Did I say incompetence? This year’s Padres have been shut out 16 times through 111 games, or 14 percent of the time. Only once in 43 seasons have they been blanked more often at the same point in the season. That would be the inaugural 1969 club, which was shut out 18 times. So yeah, thank goodness Jesus Guzman cranked a solo homer with two out in the ninth against Joe Saunders last week.
The current team is bad, but we’ve seen worse in recent years… much worse:
Year W L Pct RS RA Dif 2002 66 96 .407 662 815 -153 2003 64 98 .395 678 831 -153 2008 63 99 .389 637 764 -137
At least this year’s run differential is only -34. Hey, the Padres should put that on a T-shirt. Or “Not As Bad As 2008.” (This is why I didn’t go into marketing.)
The good news is that when things are bad, they tend to get better. It may take a while (compare, e.g., 1981 to 1984, 1993 to 1996, or 2003 to 2006), but unless you’re the Pirates or Royals, eventually you start winning again.
Teams operating on a shoestring budget must take certain measures to facilitate the process:
- Draft and develop young talent – The Padres have struggled in this area, but appear to be making some progress.
- Make good trades – Kevin Towers was a master, and Jed Hoyer appears to be no slouch (or perhaps you miss Ryan Webb and Edward Mujica?).
- Avoid handing out big contracts to mediocre players – The Padres haven’t done this since the days of Wiki Gonzalez, Kevin Jarvis, and Bubba Trammell; even they weren’t as crippling as, say, Kansas City’s inexplicable signings of Jose Guillen and Gil Meche.
To that first point, the trading away of Mike Adams and Ryan Ludwick has opened up opportunities for internal advancement. Erik Hamren, a 24-year-old right-hander, came up to take Adams’ spot on the roster, while Blake Tekotte (24) and Aaron Cunningham (25) help fill the void left by Ludwick (insert “Ludwick was his own void” joke here).
Add them to a foundation of Chase Headley (27), Cameron Maybin (24), Mat Latos (23), and Luebke (26), and things don’t look so bad. I mean, they don’t look great, but baby steps.
Even guys like Ernesto Frieri (25), Josh Spence (23), and Anthony Bass (23) — who admittedly get a boost from pitching half their games at Petco Park — have been useful. Kyle Blanks (24) and Logan Forsythe (24)? Not so much, but they’ve got time to fix that.

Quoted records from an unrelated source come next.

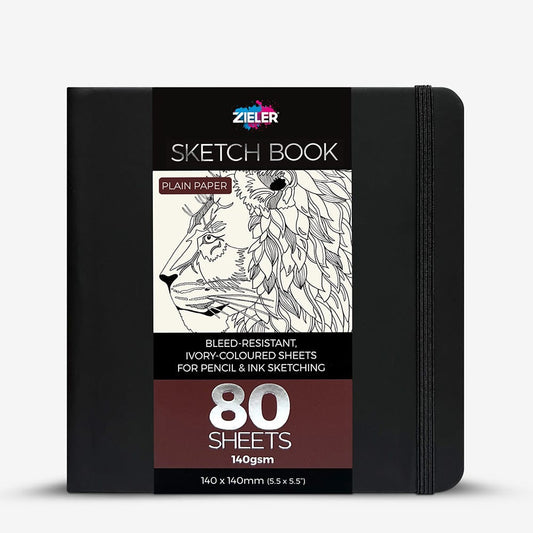 Zieler : Sketchbook Journal : 140gsm : 140x140mm : 80 Sheets : Square : Black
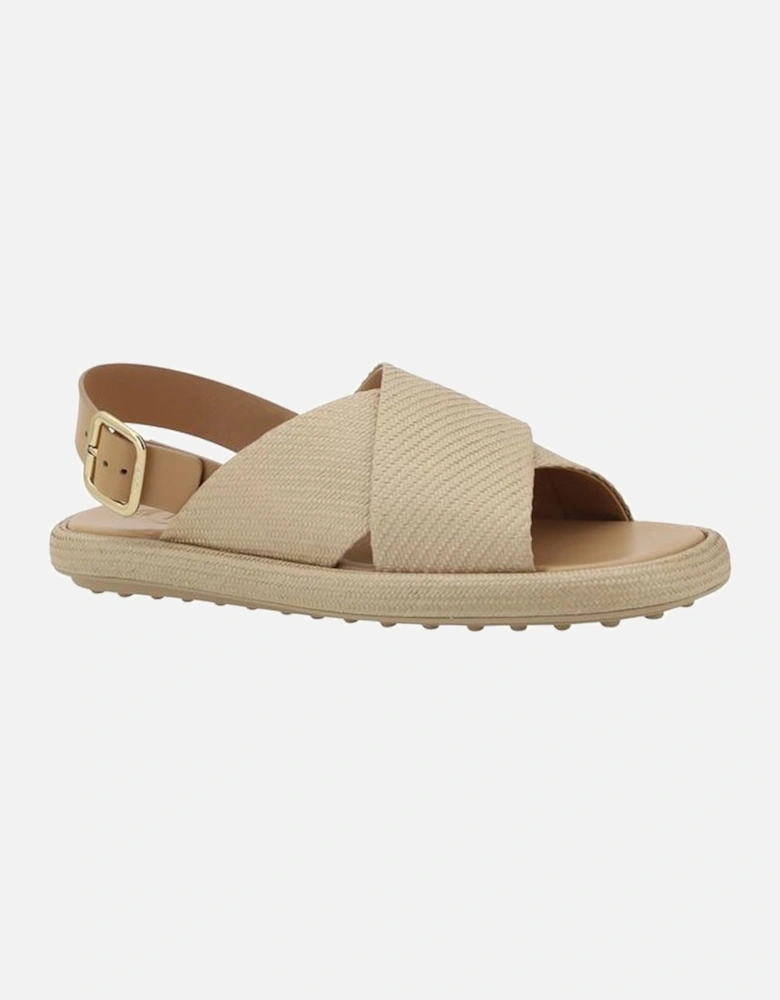 Raffia Crisscross Strap Flat Sandals Women - Beige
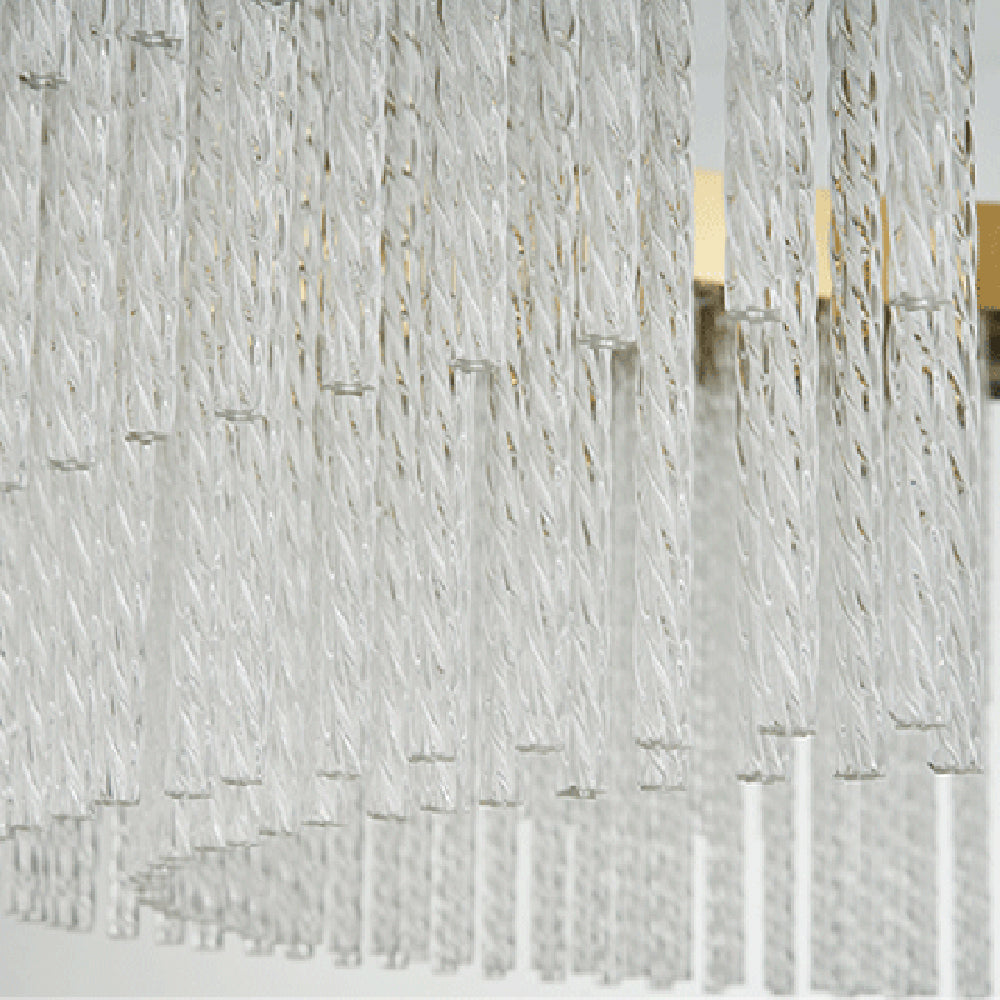 Kristy Modern Spiral Crystal Ring /Rectangle Chandelier, Gold - Lamp Copper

If there aren’t many stars in this group, at least there are some players who should make the Padres more watchable in the near future. That’s something, right? It’s better than the promise of Guillen and Meche (or even Gonzalez, Jarvis, and Trammell).
Down on the farm, more prospects are making strides toward San Diego. Southpaw Robbie Erlin, acquired in the Adams trade, worked six shutout innings in his organizational debut at San Antonio. Outfielder Rymer Liriano (20) is enjoying a breakout campaign (.327/.389/.522, 48 SB) at Low-A Fort Wayne. The Padres even went way over slot to sign seventh-round pick Matt Wisler, a high school right-hander who had committed to Ohio State.
Not all of these kids will succeed. In fact, most of them won’t. As Orlando Hudson reminds us, if baseball were easy, everyone would be doing it.
But the more talent you develop, the better your chances are that some of that talent will end up contributing at the big-league level. And increasing the odds of success is the name of the game.